Start of Block

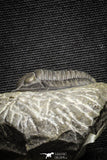 22067 - Top Quality 1.13 Inch Cornuproetus sp Middle Devonian Trilobite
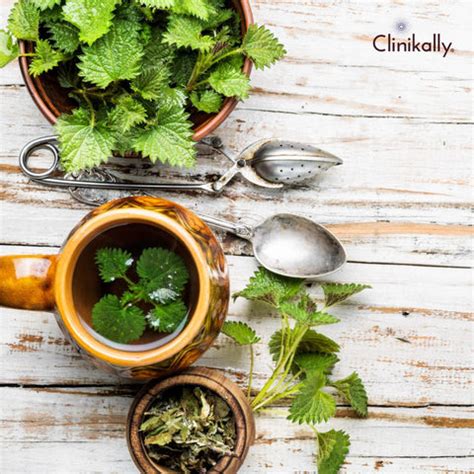 Unlocking the Secrets of Horny Goat Weed | Clinikally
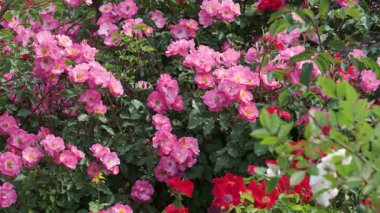 Çiçek açmış renkli güller yemyeşil bir bahçede nefes kesici bir manzara yaratır..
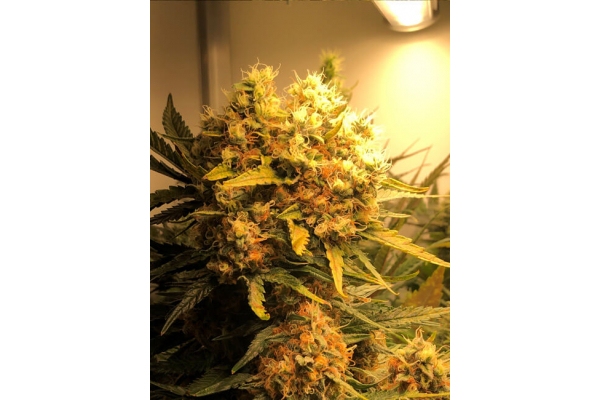 Critical (Royal Queen Seeds) Feminisoidut Critical (Royal Queen Seeds) Feminisoidut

End of Block

_Work required_
Both the line containing "Çiçek açmış renkli" and the last line of the listing above belong in the copy, along with every line between them; retype them exactly and omit the pictures.

_Solution_
 Çiçek açmış renkli güller yemyeşil bir bahçede nefes kesici bir manzara yaratır..
 Critical (Royal Queen Seeds) Feminisoidut Critical (Royal Queen Seeds) Feminisoidut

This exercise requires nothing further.